Few teenagers about fifty years ago had access to wheels, particularly in the countryside, and there was no television. We had to develop and plan our own entertainment. In the summertime, with no school, this led to many interesting ideas and events.
On weekends, we would often search the mountains for ginseng and wild bees. Brothers, cousins (there were lots of Lillys in southern West Virginia), and friends would gather on a summer Sunday afternoon at a chosen site by the Bluestone River. We would observe the wild bees as they came to drink from wet sand near the river. After drinking, they would return to their bee tree, at times as much as a half-mile away, usually up the side of a mountain. We tried to establish the direction of their flight. First, one member of our group would visually track the bees a certain distance, then another member would trace the next leg of the bees’ journey. Others would point out the direction of the bees still further away until a “bee line” was established.
After searching, sometimes for hours, we would locate their wild home. It was generally in an old hollow tree, and sometimes the opening to the hollow was as much as 20 feet from the ground. We considered it a victory to see the bees moving in and out of this opening. There were many days when we never found their home.

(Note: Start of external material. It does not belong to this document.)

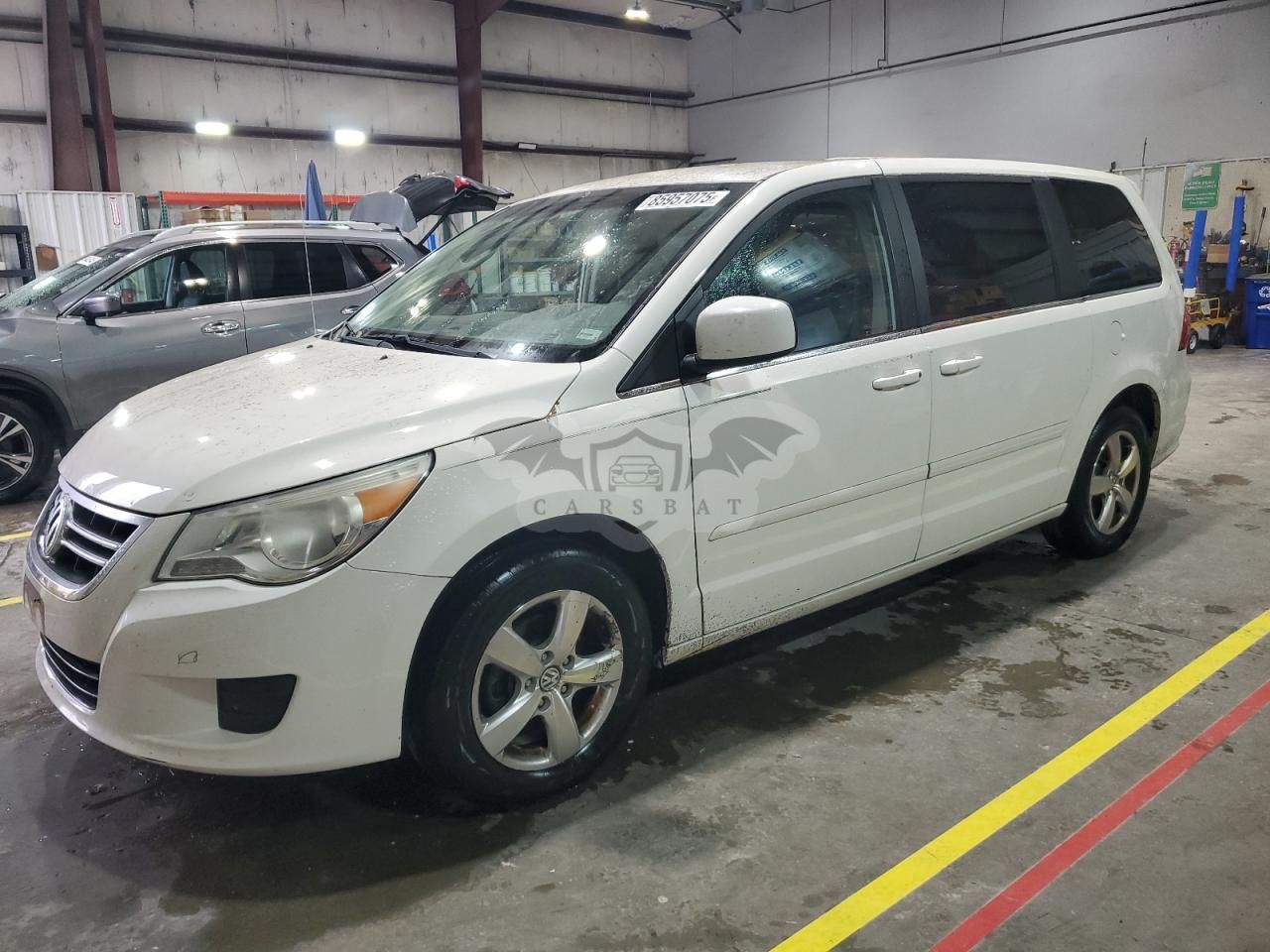 Volkswagen Routan SE 3.8L 6 2010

It was customary that whoever found the bee tree would lay claim to the tree by carving their initials in the bark, regardless of the land owner. There was consternation, after spending hours of hard work on a hot afternoon, to find other initials on the tree.
The fun was in the finding, not the follow-up. At a later date, the tree was cut down with a cross-cut saw, and it came crashing down the mountainside with all the bees inside. Naturally, the bees were very angry and would be looking to sting anything that moved.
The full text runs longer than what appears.